* **Data**
------------------------------------------------------------

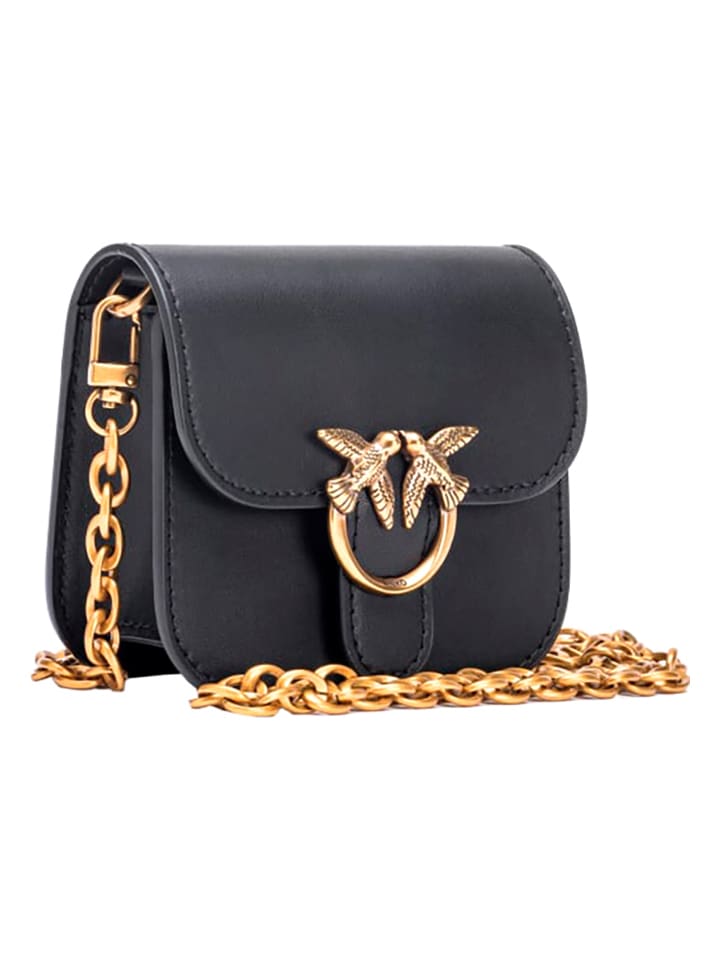 Pinko Leder-Umhängetasche in Schwarz - (B)12 x (H)10 x (T)5 cm günstig kaufen onesize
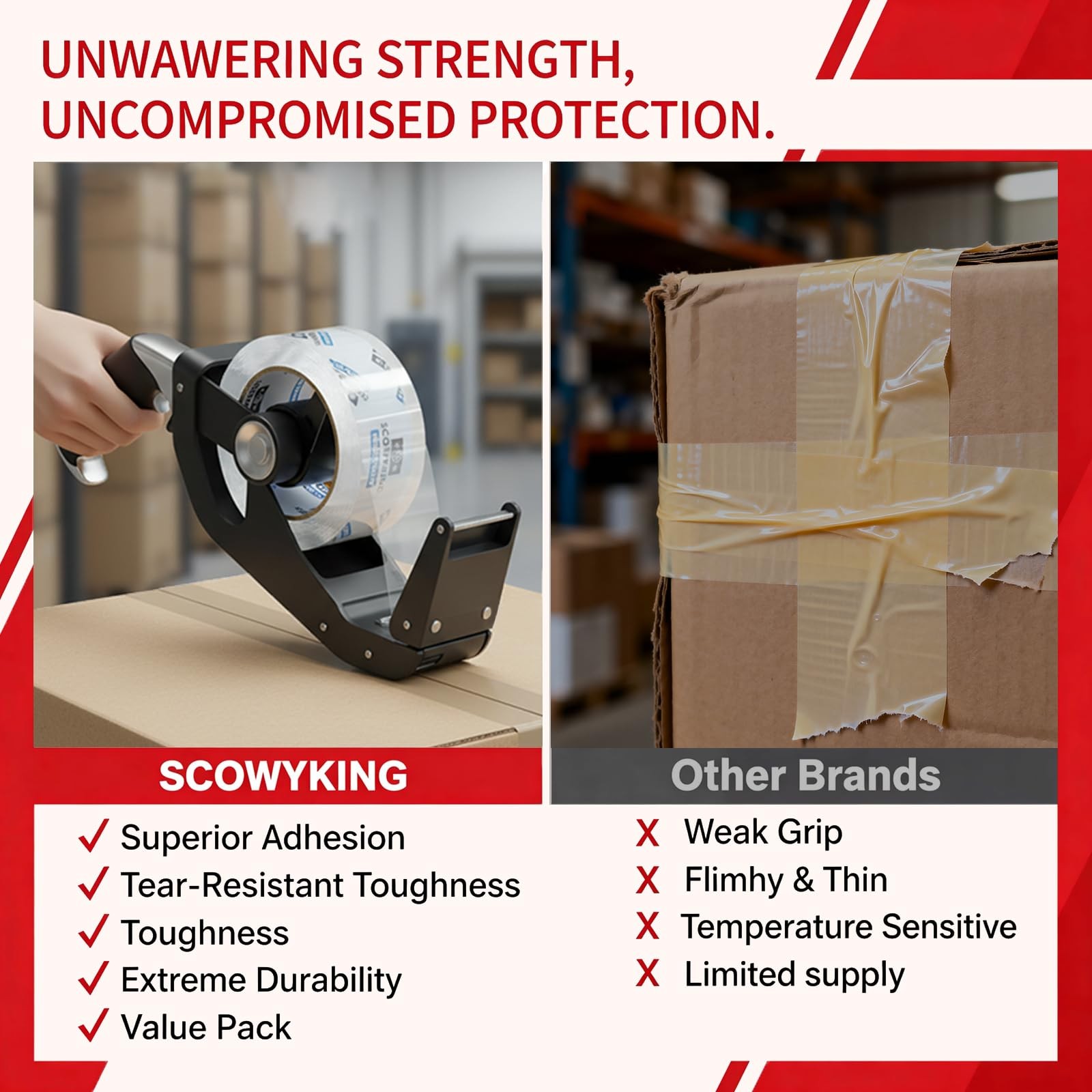 Scowyking Heavy Duty Packing Tape 36 Rolls, Total 2448Y, Clear, 2.7 mil, 2 inch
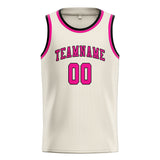 Custom Cream & Pink Colors Design Sports Basketball Jersey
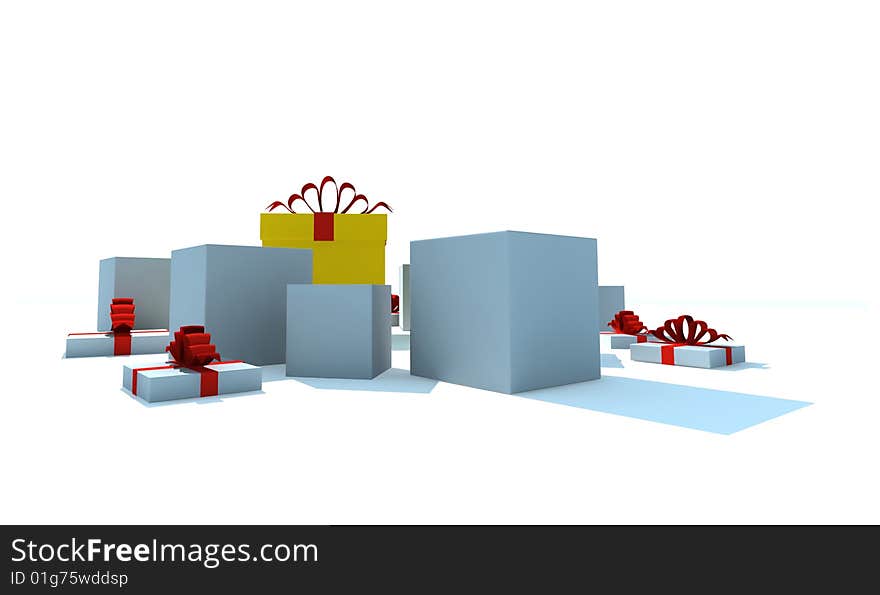 Opened gift boxes - 3d isolated illustration on white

------------------------------------------------------------

The output should be the lines from the one with "Custom Cream &" through the end of the material above, both ends included, printed exactly and nothing else. Drop the pictures.

* **Result for this task**
 Custom Cream & Pink Colors Design Sports Basketball Jersey
 Opened gift boxes - 3d isolated illustration on white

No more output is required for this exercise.